I am not a sociologist. But I suspect that when you temporary move someone from one environment to another, that causes a temporary change in behavior that may linger for a little bit when you move that someone back to the original environment. For the last two weeks, in France, I constantly kept an eye on the sky. The quality of light on my subjects and finding the spot to have the most beautiful blue sky as a background is something I would look for when taking pictures. I observe that the portion of the sky that is nearest the giant light bulb – the sun – is often less blue than the portion that is furthest away from it. Of course, how deep the blue is depends on the absence of cloud, the air humidity, and the time of the day. At least that is how I would form my theory literally from thin air as I explained to Cynthia in the car this morning. In any given normal day in Singapore, I would not pay that much attention to how the sky looks like. But because I was so used to watching the sky while we were holidaying in France, I have this temporary habit to pause and scan our atmosphere. What a beautiful day this morning! I could see patches of light blue in the sky hiding behind countless of fluffy cotton-like cloud. I read somewhere that there is a terminology for cloud of that form. But I forgot what it is called.
“How come the blue sky in Singapore is not as blue as the one in France?” asked Cynthia. And that was when I pulled out that theory of mine from thin air. She bought it, like she is buying all my bizarre theories. The same way as I am taking everything that she attempts to cook. That is what couples do, yes?
This morning, the blue sky dotted with fluffy clouds was exceptionally adorable. At one spot, we caught two patches of blue sky, in two different taints. A lighter blue on top and a darker blue at the bottom, separated by a rather thick thread of cloud in the form of a white scarf. As we looked ahead, we have seen something unusual. A skyline that was not there before we left town two weeks ago. We can see the faraway commercial buildings, a view that was blocked by the long rows of trees along the highway. What happens to the trees? The tall ones are now replaced by the shorter ones, younger looking ones, different looking ones, with different types of colors, in the form of an inverted mop. Part of the highway expansion project, perhaps?
I think drivers in Singapore should at least try to rent and drive a small car during one of the overseas trips. Like a 1.4 litre diesel car that we drove in France. I have become more aware of the slower moving vehicles on the road. I have become – temporarily – a more gentle driver, which surprisingly good I am feeling.
Last evening, we drove pass Cineleisure at Orchard after watching a movie at the very building. Cynthia exclaimed, “Look, there is a new McDonald’s!” We visit Orchard often and where does the McDonald’s come from? We were away for merely two weeks! More shockingly, we noticed a brand new building facing Cinelesiure, linked by the new McDonald’s. I searched deep into my memory. A long time ago it was a road. And the road became a green patch of state land, a park perhaps. I thought hard till I hit a mental void. Then suddenly I thought of the Japanese animation Evangelion:1.0 whereby mechanical buildings spawn from the ground at night changing the landscape of the entire city.

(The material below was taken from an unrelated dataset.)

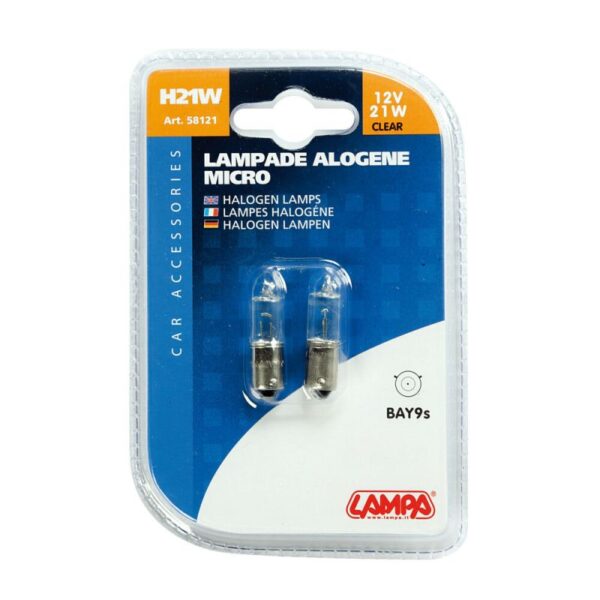 LAMPARA HALOGENA 12V BAY9S H21W 21W (2 UNIDADES) - Imagen 3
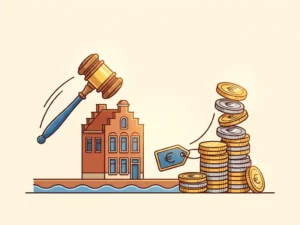 Veilinghamer boven Hollands grachtenpand met opstapelende euromunten die de vraagprijs overtreffen, vlakke vectorillustratie in terracotta en blauw.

I am serious. Where does that building come from?!
This morning, after I parked my car at my office area, in the far east of the city, I greeted the lady who handles my season car park payment. She was not her usual self. What’s wrong, I asked. A lizard (gecko), she screamed. Geckos are friendly animals. They eat up the small insects. I tried to explain. She jumped out of her counter, called out in Malay, and soon a male cleaner came by with a broom. A type of broom with short, hard bristles. Leave it alone, I pleaded for mercy on behalf of a harmless animal. I have not seen someone murders a gecko in real life and I was speechless as I saw the cleaner in one swift motion pinned down the animal with the broom and stepped onto it. And I saw a lifeless gecko. A sizable one.
Outside, the sky was as beautiful as an hour ago, when Cynthia and I stepped out of our home. I wonder when I will stop admiring the sky and return to my usual routines. There are things that are out of our control (poor gecko); there are things that we can influence (more gentle driving on the road); there are natural gifts that are free (the sun, the beautiful blue sky, and the shape-shifting clouds); and there are ever changing man made landscapes that remind us that today is not the same as yesterday is not the same as the day before.